#### THE DATA:
• • • • • • •

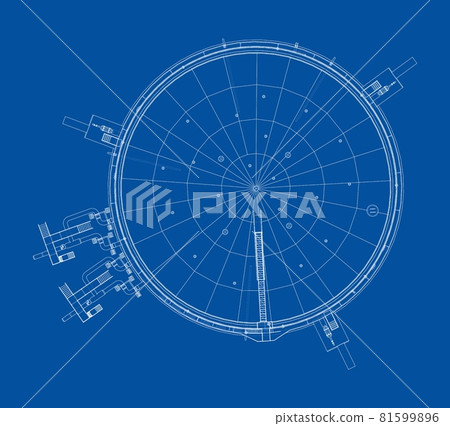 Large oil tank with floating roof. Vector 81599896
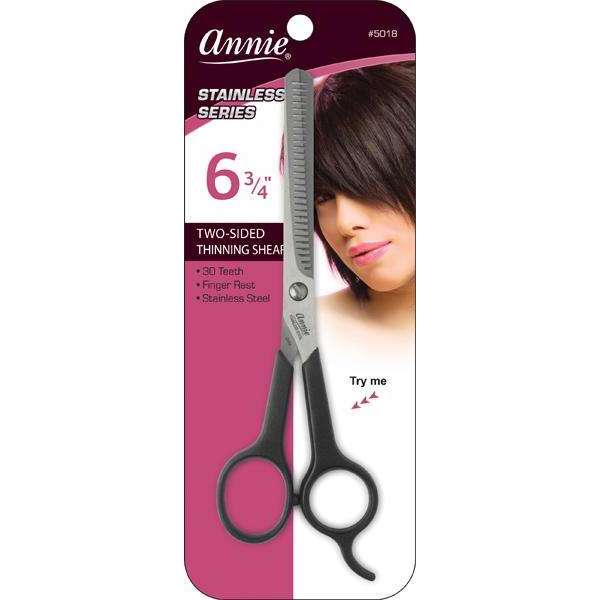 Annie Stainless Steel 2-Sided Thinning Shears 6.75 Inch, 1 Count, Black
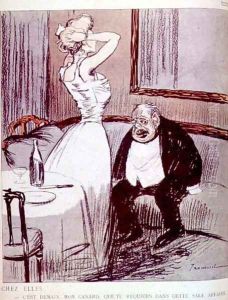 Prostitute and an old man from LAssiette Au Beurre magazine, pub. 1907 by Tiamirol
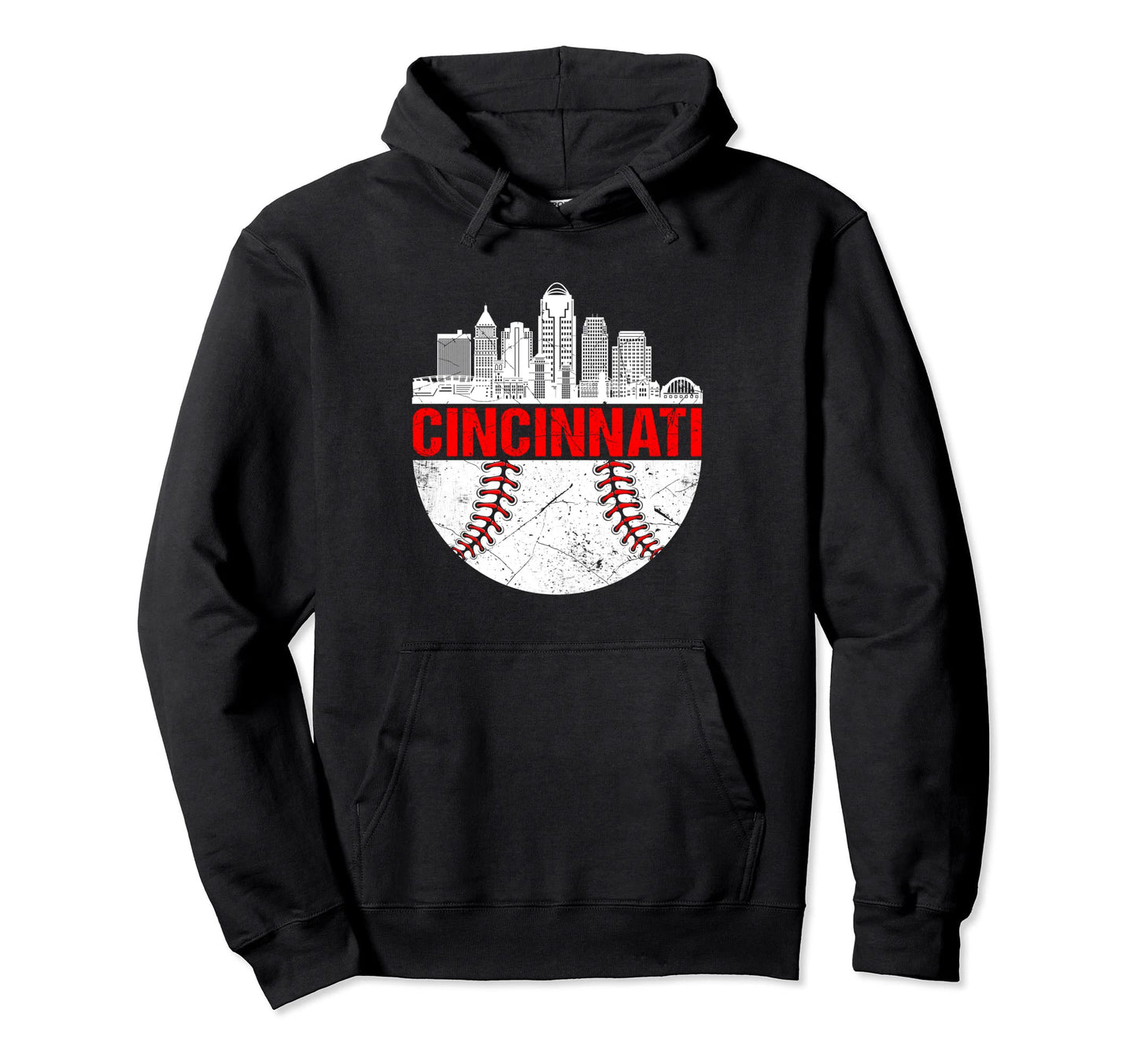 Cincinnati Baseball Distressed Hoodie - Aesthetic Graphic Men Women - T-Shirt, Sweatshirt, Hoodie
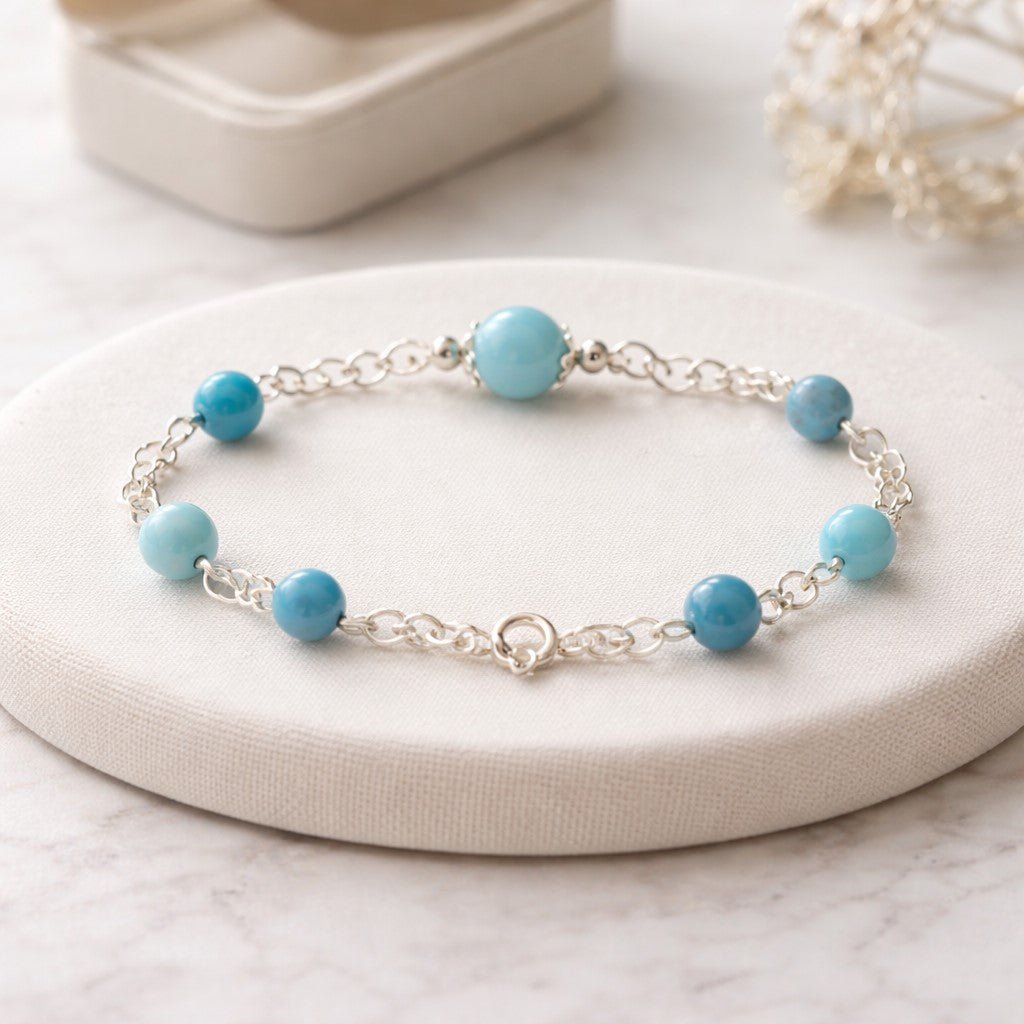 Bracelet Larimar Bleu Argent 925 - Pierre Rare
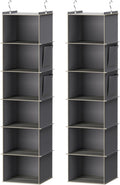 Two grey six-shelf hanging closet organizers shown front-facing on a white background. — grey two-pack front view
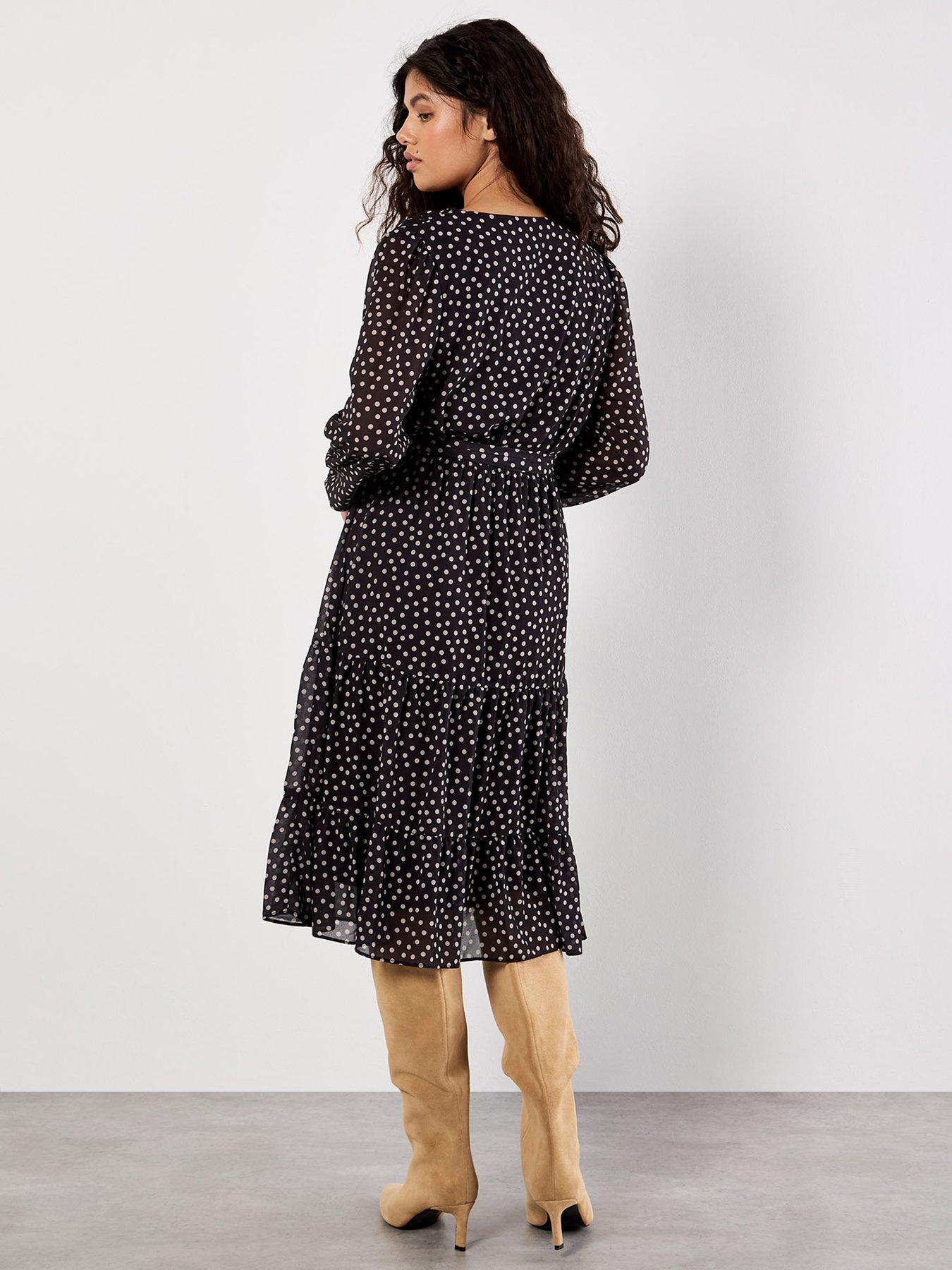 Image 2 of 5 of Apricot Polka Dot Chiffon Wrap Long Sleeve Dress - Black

• • • • • • •

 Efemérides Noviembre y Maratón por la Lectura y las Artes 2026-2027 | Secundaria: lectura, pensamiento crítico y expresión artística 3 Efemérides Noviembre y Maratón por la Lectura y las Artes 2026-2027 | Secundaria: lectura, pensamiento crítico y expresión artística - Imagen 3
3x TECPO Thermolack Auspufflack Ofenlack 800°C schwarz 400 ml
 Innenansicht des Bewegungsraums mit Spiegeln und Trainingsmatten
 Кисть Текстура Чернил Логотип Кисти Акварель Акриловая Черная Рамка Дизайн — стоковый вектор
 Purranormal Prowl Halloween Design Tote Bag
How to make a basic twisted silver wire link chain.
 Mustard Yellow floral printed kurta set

• • • • • • •

#### REQUIRED ACTION:
Each line from the one that contains "Large oil tank" down to the one that contains "Image 2 of 5" is to be returned exactly as it stands above, both ends included, with pictures removed.

#### OUTPUT OF THE TASK:
 Large oil tank with floating roof. Vector 81599896
 Annie Stainless Steel 2-Sided Thinning Shears 6.75 Inch, 1 Count, Black
 Prostitute and an old man from LAssiette Au Beurre magazine, pub. 1907 by Tiamirol
 Cincinnati Baseball Distressed Hoodie - Aesthetic Graphic Men Women - T-Shirt, Sweatshirt, Hoodie
 Bracelet Larimar Bleu Argent 925 - Pierre Rare
 Two grey six-shelf hanging closet organizers shown front-facing on a white background. — grey two-pack front view
 Image 2 of 5 of Apricot Polka Dot Chiffon Wrap Long Sleeve Dress - Black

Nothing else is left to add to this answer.